Tsar Nicholas II (Russia)
Tsar Nicholas was the last Emperor of Russia, and while he wasn’t a dictator per se, he was incredibly inept as a leader. He violently suppressed rebellions, led Russia into several wars that cost millions of lives and turned an economic powerhouse into a struggling country. He was forced to abdicate in 1917 and was executed along with his family by Bolshevik revolutionaries.
Kim Il-Sung (North Korea)
Sung and his cult of personality ruled North Korea for a long time, and his influence is still felt today with his grandson Kim Jong-Un. Much like Mao, he built a whole air of mystery and worship around him, while heartlessly subjugating his people. It was ultimately a heart attack that did him in.

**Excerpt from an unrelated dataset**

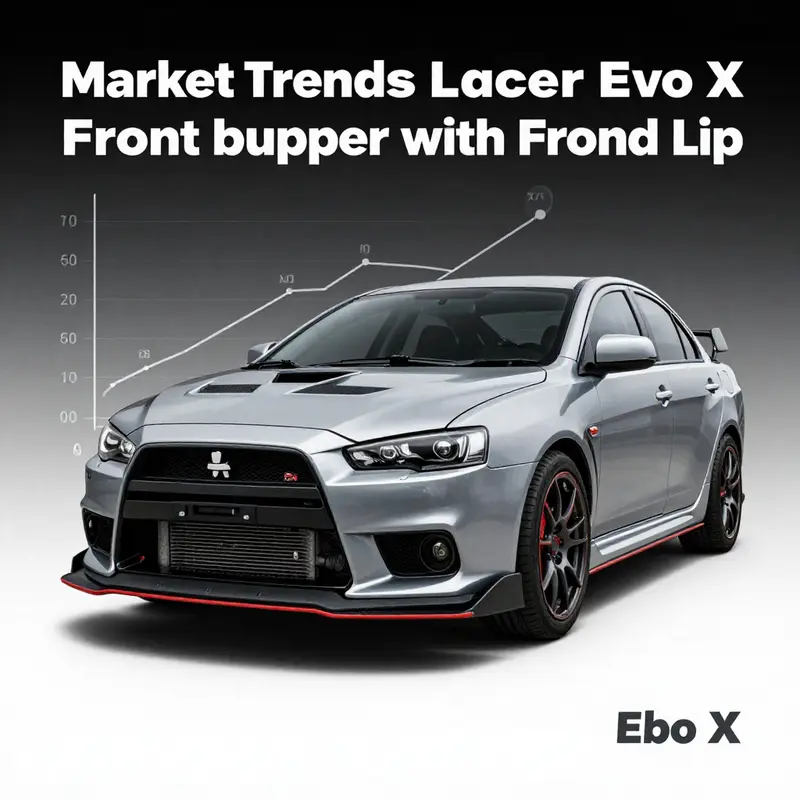 Detailed features of the original modified Lancer Evo X front bumper with front lip, showcasing its aggressive styling.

Nicolae Ceausescu (Romania)
A Communist dictator, he was notorious for his secret police, his surveillance state and the human rights abuses in the country. After the people turned on him shortly after the fall of the Berlin Wall (and by default Communism and the Cold War), he was captured and executed by the firing squad. Unfortunately for him, the country abolished their death penalty a year later.
Idi Amin (Uganda)
While he might not be as recognizable as Stalin, Hitler or Caeser, Amin was a ruthless dictator who massacred over 500,000 people during his 8 year reign. He was forced into exile, but never repented or regretted his actions. He died of Kidney failure after slipping into a coma and having his request to die in his home country denied.
Anwar Sadat (Egypt)
The third president of Egypt was a strong political force, who was considered a benign dictator. He tried to maintain peace in the Middle East, but also did whatever he could to position Egypt in to a place of power and himself as a global leader. He was also brutal towards dissidents and rebels. He was shot point blank during a military parade, and was mortally wounded.
Xerxes I (Persia)
A brutal Persian leader, who’s desire for power led him to try to invade Greece, unsuccessfully and with heavy casualties. In 465 BC, the commander of his royal bodyguard, with the help of a loyal eunuch, assassinated Xerxes.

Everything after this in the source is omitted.